Need to solve:
$$2a_{n-2} = a_n + a_{n-1}$$
with: $a_0 = 0$ and $a_1=1$
I get:
$$f(x) = \frac{2x^3-x^2-x}{2x^2-x-1}$$ so I tried to scompose the denominator and I get:
$$f(x) = \frac{2x^3-x^2-x}{(x-1)(x+\frac{1}{2})}$$ now I think I have to use partial fraction but in this case I do not see any $x^3$ coming out so how should I procede?
$$\frac{A}{x-1}+\frac{B}{x+\frac{1}{2}}$$
On
There's an error in the factorisation of the denominator. You should get
$$f(x) = \frac{2x^3-x^2-x}{(x-1)(2x+1)}.$$
Now this isn't a proper rational function (i.e. the degree of the numerator is not $<$ degree of the denominator).
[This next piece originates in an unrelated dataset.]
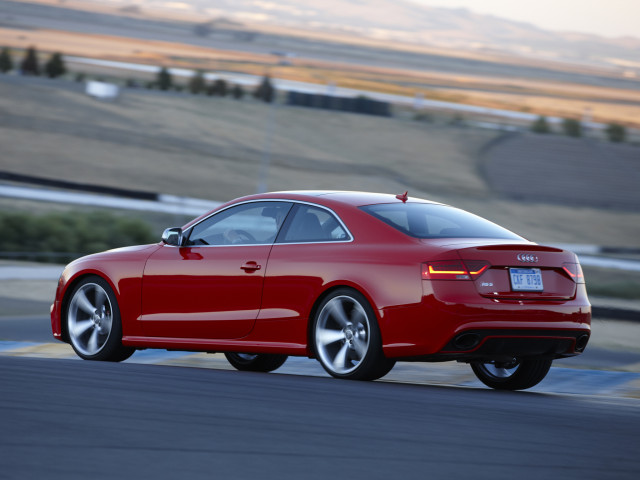 Audi RS5 фото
So (in theory) you have to perform the Euclidean division of the numerator by the denominator first.
However, observe that $2x^3-x^2-x=x(2x^2-x-1)$, so the ‘fraction’ simplifies to $\color{red}x$.
I think you committed a typo in calculations. From: $$a_n=2a_{n-2}-a_{n-1}$$ we should have: $$f(x)=\sum\limits_{n=0}\color{blue}{a_{n}}x^{n}= x+\sum\limits_{n=2}a_nx^n= x+\sum\limits_{n=2}\left(2a_{n-2}-a_{n-1}\right)x^n=\\ x+2x^2\left(\sum\limits_{n=2}a_{n-2}x^{n-2}\right)-x\left(\sum\limits_{n=2}a_{n-1}x^{n-1}\right)=\\ x+2x^2\left(\sum\limits_{n=0}a_{n}x^{n}\right)-x\left(\sum\limits_{n=1}a_{n}x^{n}\right)=x+2x^2f(x)-xf(x)$$ and $$\color{red}{f(x)=\frac{x}{1+x-2x^2}}=\frac{1}{3(1-x)}-\frac{1}{3(1+2x)}=\\ \sum\limits_{n=0}\frac{1}{3}x^n-\sum\limits_{n=0}\frac{1}{3}(-2)^nx^n= \sum\limits_{n=0}\color{blue}{\frac{1-(-2)^n}{3}}x^n$$ and (also agrees with wolfram) $$a_n=\frac{1-(-2)^n}{3}$$